EGU22-9263
https://doi.org/10.5194/egusphere-egu22-9263
EGU General Assembly 2022
© Author(s) 2022. This work is distributed under
the Creative Commons Attribution 4.0 License.

Heat transport by flow through rough rock fractures

Maria Klepikova1, Yves Méheust1, Clément Roques2, and Niklas Linde3
Maria Klepikova et al.
  • 1Rennes 1, Géosciences Rennes (UMR CNRS 6118), Rennes, France (maria.klepikova@univ-rennes1.fr)
  • 2Centre for Hydrogeology and Geothermics (CHYN), University of Neuchatel, Switzerland
  • 3Institute of Earth Sciences, University of Lausanne, Switzerland

Fracture surface topography exhibits long-range spatial correlations resulting in a heterogeneous aperture field. This leads to the formation, within fracture planes, of preferential flow channels controlling flow and transport processes. We have investigated numerically the influence of the statistical properties of the aperture field and upscaled hydraulic behavior on heat transport in rough rock fractures with realistic geometries.
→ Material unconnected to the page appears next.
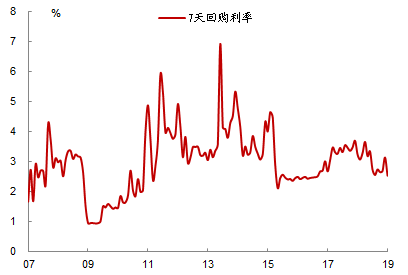 焦作天气2345评测3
Similarly to the rough fracture's hydraulic behaviour, we find that its heat transport behaviour deviates from the conventional parallel plate fracture model with increasing fracture closure and/or decreasing correlation length.  We demonstrate that the advancement of the thermal front is typically slower in rough fractures compared to smooth fractures having the same mechanical aperture. In contrast with previous studies that neglect temporal and spatial temperature variations in the rock matrix, we find that the thermal behavior of a rough-walled fracture can, under field-relevant conditions, be predicted from a parallel plate model with an aperture equal to the rough fracture's effective hydraulic aperture. The practical implication of our finding is that thermal exchanges at the scale of a single fracture is controlled by the effective hydraulic transmissivity. Provided that thermal properties of the host rock are known, this implies that (1) geothermal efficiency can be computed at field sites using hydraulic characterization alone, and predicted using well-known low-dimensional hydraulic parameterizations in terms of effective hydraulic properties and (2) heat tracer tests are reliable for inferring effective fracture transmissivity.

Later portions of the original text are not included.